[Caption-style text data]
-=-=-

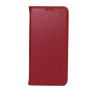 Etui Smart Pro Leather na telefon Samsung Galaxy S24 FE 5G S721 bordowe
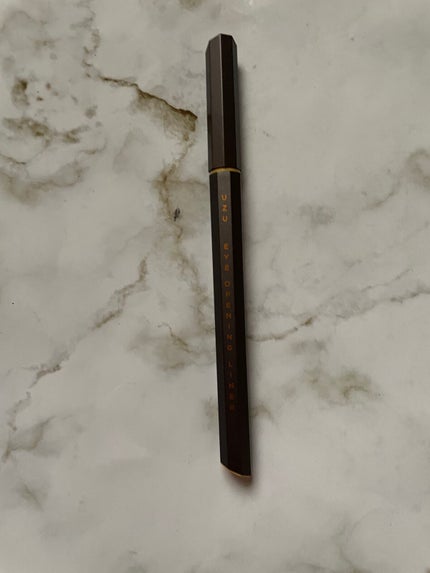 EYE OPENING LINER/UZU BY FLOWFUSHI/リキッドアイライナーを使ったクチコミ(2枚目)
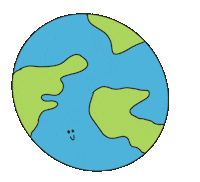 World Earth Sticker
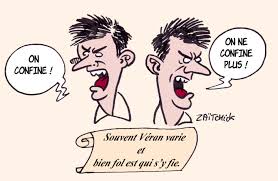 On espère que quatre semaines suffiront pour améliorer significativement la situation, a ainsi glissé olivier véran. Blague Olivier Veran Blagues Et Dessins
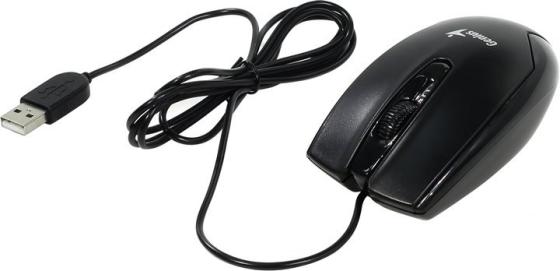 Мышь проводная Genius DX-100X чёрный USB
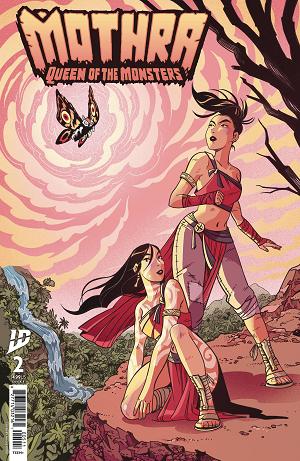 Mothra Queen Of Monsters #2 CVR B GOUX cover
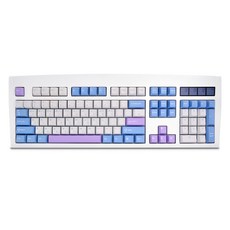 큐센 DT35 104 PBT 풀윤활 가스켓 유무선 기계식 키보드, 블루퍼플, 블루 퍼플 / 오테뮤 저소음 피치축V3 가전디지털/키보드/마우스 반품 최저가 48,020원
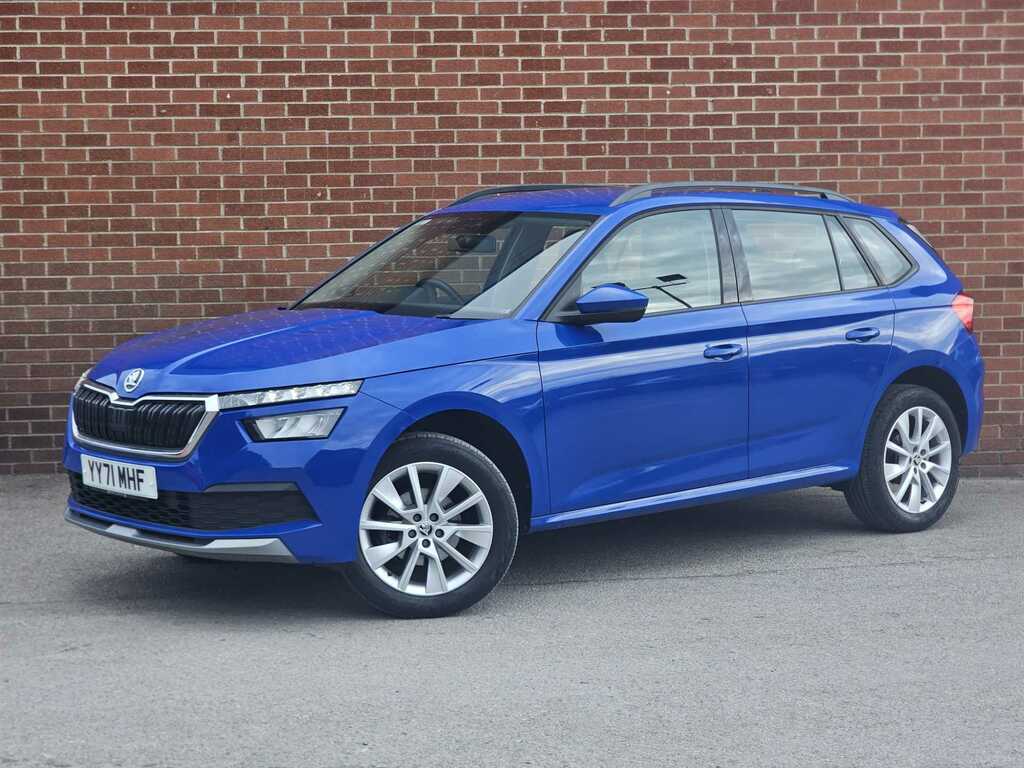 Skoda Kamiq 1.0 Tsi 95 Se Blue #4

-=-=-

Return word for word the lines from the beginning of the entries through the line that contains "Мышь проводная Genius DX-100X чёрный USB", both ends included, but no pictures.

# FINISHED TASK
 Etui Smart Pro Leather na telefon Samsung Galaxy S24 FE 5G S721 bordowe
 EYE OPENING LINER/UZU BY FLOWFUSHI/リキッドアイライナーを使ったクチコミ(2枚目)
 World Earth Sticker
 On espère que quatre semaines suffiront pour améliorer significativement la situation, a ainsi glissé olivier véran. Blague Olivier Veran Blagues Et Dessins
 Мышь проводная Genius DX-100X чёрный USB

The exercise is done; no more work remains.